Create copy of ExternalTaintFlow called ExternalValueFlow

owen-mc · owen-mc · commit c81641279558 · 2024-05-10T23:40:55.000+01:00
diff --git a/go/ql/test/library-tests/semmle/go/dataflow/ExternalValueFlow/completetest.expected b/go/ql/test/library-tests/semmle/go/dataflow/ExternalValueFlow/completetest.expected
@@ -0,0 +1,2 @@
+invalidModelRow
+testFailures
diff --git a/go/ql/test/library-tests/semmle/go/dataflow/ExternalValueFlow/completetest.ext.yml b/go/ql/test/library-tests/semmle/go/dataflow/ExternalValueFlow/completetest.ext.yml
@@ -0,0 +1,40 @@
+extensions:
+  - addsTo:
+      pack: codeql/go-all
+      extensible: summaryModel
+    data:
+      - ["github.com/nonexistent/test", "T", False, "StepArgRes", "", "", "Argument[0]", "ReturnValue", "taint", "manual"]
+      - ["github.com/nonexistent/test", "T", False, "StepArgRes1", "", "", "Argument[0]", "ReturnValue[1]", "taint", "manual"]
+      - ["github.com/nonexistent/test", "T", False, "StepArgArg", "", "", "Argument[0]", "Argument[1]", "taint", "manual"]
+      - ["github.com/nonexistent/test", "T", False, "StepArgQual", "", "", "Argument[0]", "Argument[-1]", "taint", "manual"]
+      - ["github.com/nonexistent/test", "T", False, "StepQualRes", "", "", "Argument[-1]", "ReturnValue", "taint", "manual"]
+      - ["github.com/nonexistent/test", "T", False, "StepQualArg", "", "", "Argument[-1]", "Argument[0]", "taint", "manual"]
+      - ["github.com/nonexistent/test", "", False, "StepArgResNoQual", "", "", "Argument[0]", "ReturnValue", "taint", "manual"]

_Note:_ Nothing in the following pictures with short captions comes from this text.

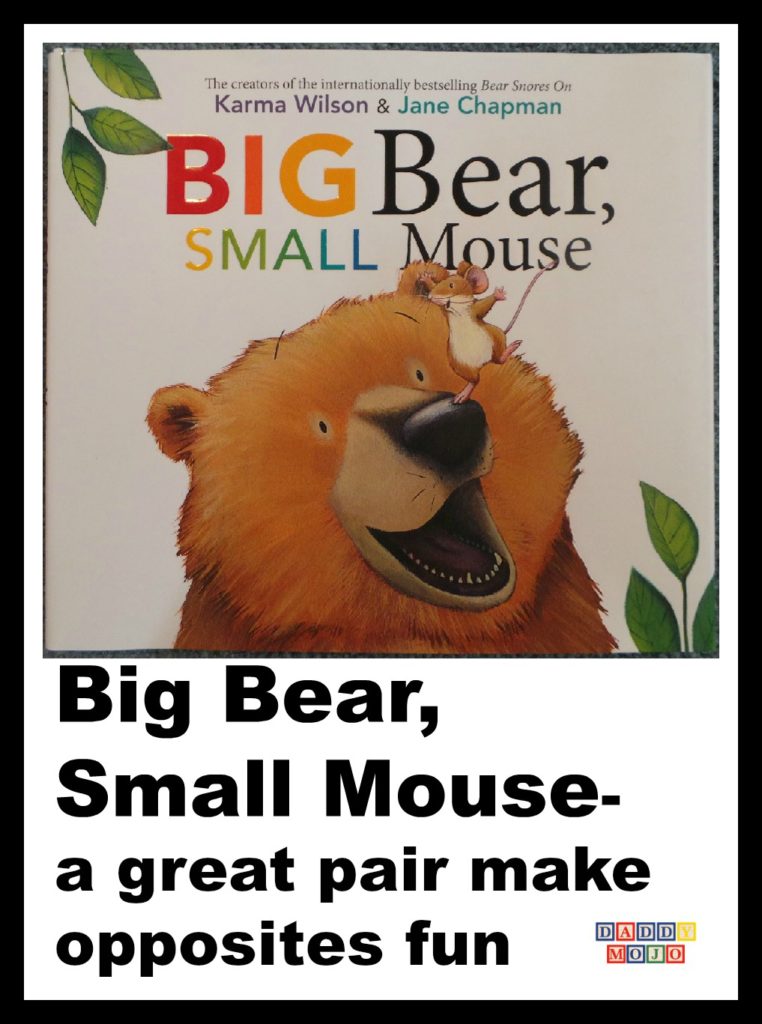 Big bear small mouse, karma Wilson, jane chapman, children’s book, team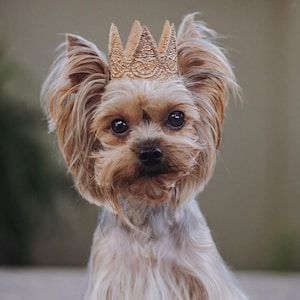 Birthday Crown For Dogs | Dog Birthday Gifted | Pet Birthday Crown Party Hat for small dog or cat | Dogs Crown | Gotcha Day | MINI Harper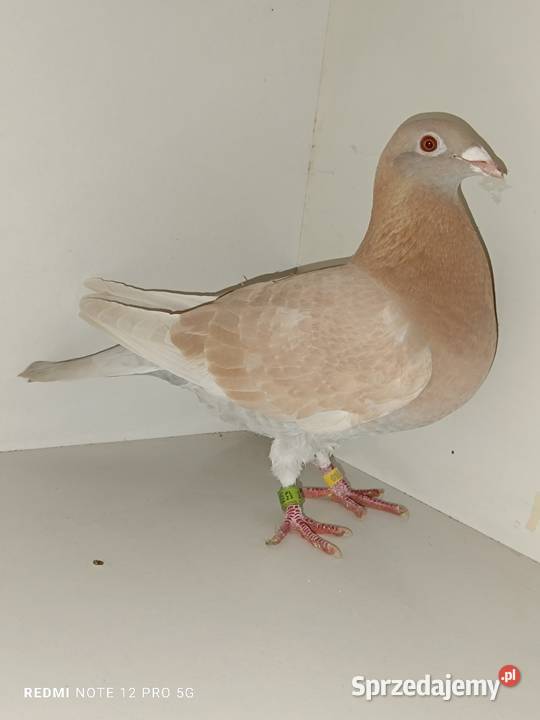 Gołębie pocztowe likwidacja hodowli Włocławek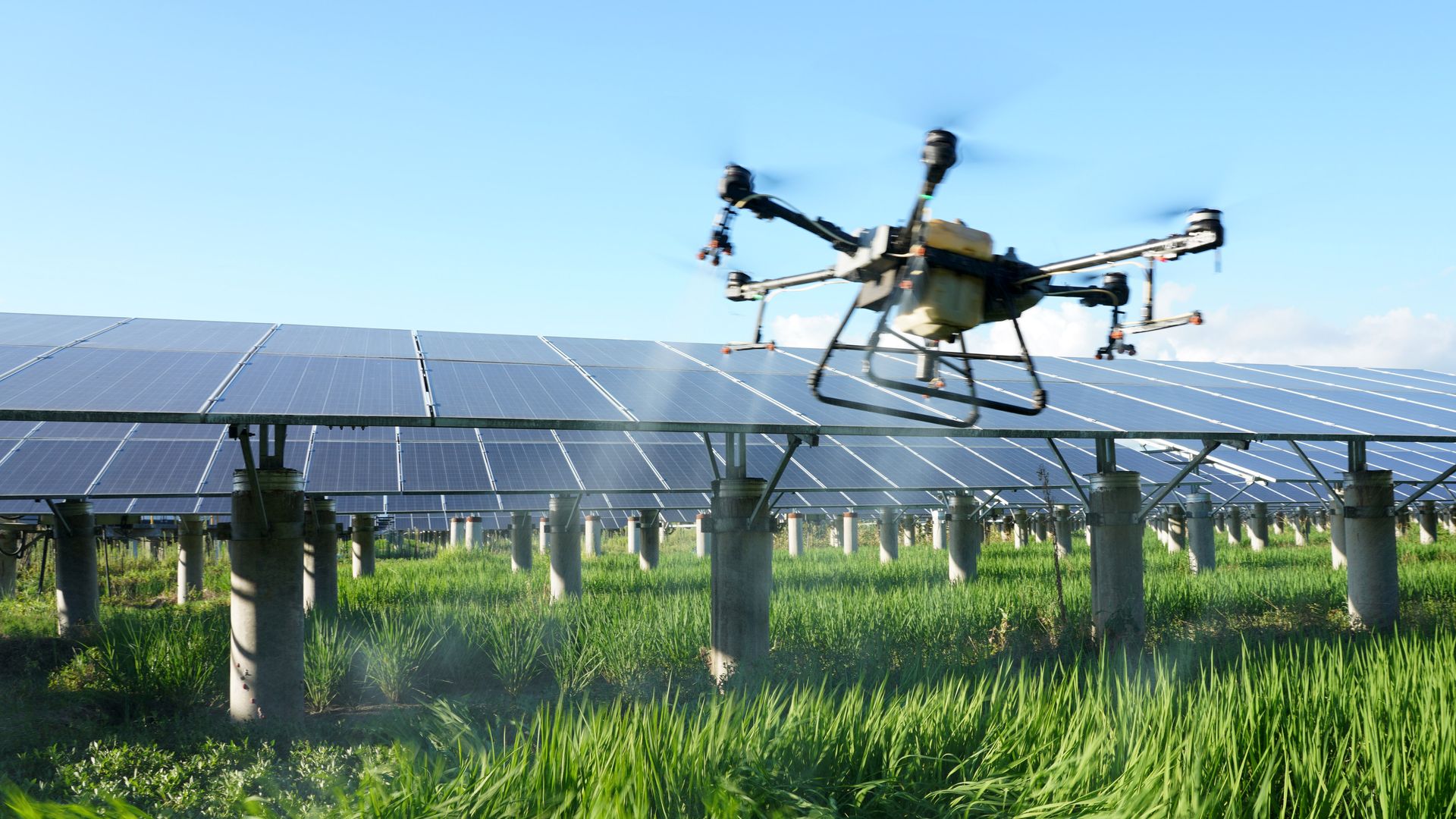 A drone sprays pesticide on seawater rice, or salt-alkali tolerant rice, growing under solar panels at an agrivoltaic farm on August 3, 2022 in Wenzhou, Zhejiang Province of China.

+      - ["github.com/nonexistent/test", "", False, "StepArgResArrayContent", "", "", "Argument[0]", "ReturnValue.ArrayElement", "taint", "manual"]
+      - ["github.com/nonexistent/test", "", False, "StepArgArrayContentRes", "", "", "Argument[0].ArrayElement", "ReturnValue", "taint", "manual"]
+      - ["github.com/nonexistent/test", "", False, "StepArgResCollectionContent", "", "", "Argument[0]", "ReturnValue.Element", "taint", "manual"]
+      - ["github.com/nonexistent/test", "", False, "StepArgCollectionContentRes", "", "", "Argument[0].Element", "ReturnValue", "taint", "manual"]
+      - ["github.com/nonexistent/test", "", False, "StepArgResMapKeyContent", "", "", "Argument[0]", "ReturnValue.MapKey", "taint", "manual"]
+      - ["github.com/nonexistent/test", "", False, "StepArgMapKeyContentRes", "", "", "Argument[0].MapKey", "ReturnValue", "taint", "manual"]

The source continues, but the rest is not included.